Stepping off the whitewashed fence post was always thrilling. As a girl, I loved to test my focus and balance by walking on top the board fences that outlined my family’s farm. The first few steps were usually the easiest because the board was securely anchored to the fencepost and therefore didn’t wobble much. As I made my way towards the middle of the board the shaking and flexing became more troublesome and that is usually where I’d end up jumping to the ground and starting over.
It has occurred to me that having a solid foundation, be it a house, or a fence post, or a childhood, makes a great difference in one’s quality of life. One of the cornerstones of my upbringing was manners. We said our prayers of thanks before meals, at bedtime, and whenever we felt particularly blessed. We said, “Please,” and “Thank you,” often and with sincerity. My father always removed his hat when he entered a home or church, and often tipped his hat flirtatiously when he passed a woman. I carry those ideals with me to this day.
When I started dating my current husband, he was a bit amazed that my children—at the time teenagers—always thanked me for the meal before leaving the table. I will admit it was such a part of our normal behavior that it didn’t occur to me that it would be viewed as unusual. As my husband became a part of the family my children also thanked him when he cooked or took us out to eat. It wasn’t an expectation on their part, and they let him know it.
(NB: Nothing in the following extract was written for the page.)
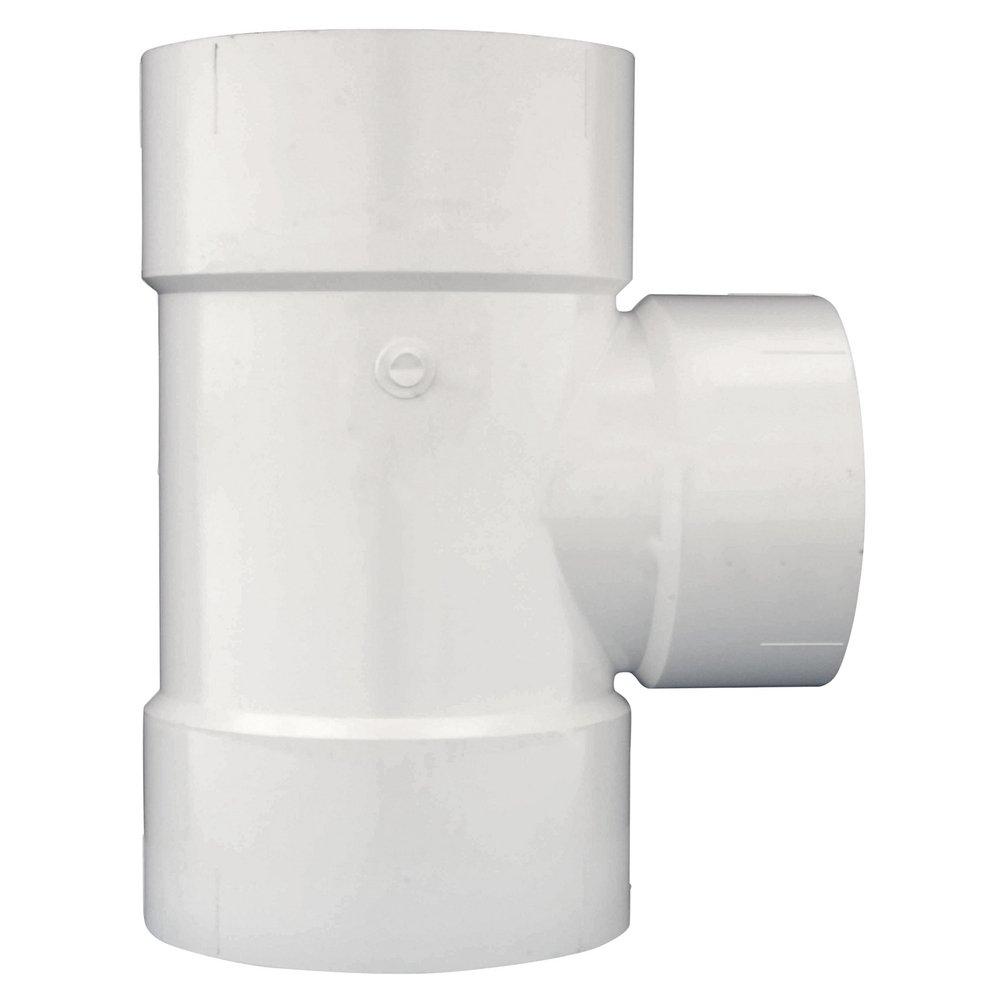 White PVC DWV Straight Tee (Fabricated)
Recently on Kathie Lee and Hoda’s Today show hour, Kathie Lee was telling a story about a book signing she hosted. About one hundred children from the New York area had been invited to hear her read from her most recently authored children’s book, and then received a signed copy. Out of the one hundred children in attendance, Kathie Lee said one child, ONE, said, “Thank you,” as she handed out the books. One. She was furious; I was saddened to the core.
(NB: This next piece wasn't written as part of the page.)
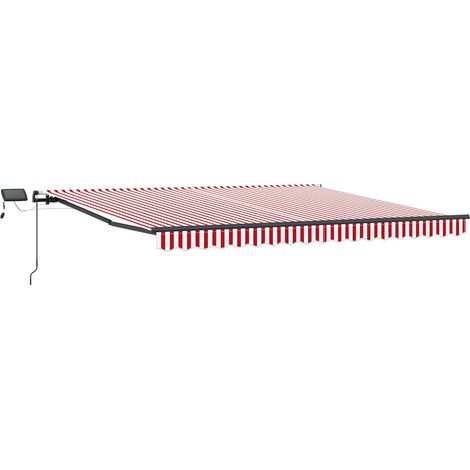 Maison Exclusive - Tenda Retrattile Rosso e bianco 450 ×300 cm Tessuto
What has happened to our manners and standards? If I received a gift as a child and didn’t let the giver know of my gratitude, my parents would have chewed me up and spit me out. While this sounds like manners by coercion, I don’t feel that way at all. It helped me realize that I wasn’t the center of the world, that kindness and thoughtfulness matter, and that giving—in any way, shape, or form– to others is a precious aspect of humanity worth acknowledging.
Last Sunday we attended an outdoor church service. It gets a bit messy when communion is offered because people squirm up out of their lawn chairs and form haphazard lines. As my husband and I edged our way toward the bread and wine, I noted an elderly man approaching the communion station with halting and shaky steps. Bowing his head, he took off his hat and held it near his heart as he was given the food, drink, and blessing. His were not the actions of a man with complacent expectations, nor was it a rote act. This was a sacred moment between a man and his faith. It reminded me so strongly of my childhood, and my father in particular, that I started to choke up. Removing his hat was a quiet act of respect and manners—an act that is all too rare today—and it touched me deeply.
How do you feel the realm of manners is faring in today’s world? I’d love to know the good, and the not so good, you’ve seen. If a discussion gets going, maybe we can all try harder and things will improve. Thank you!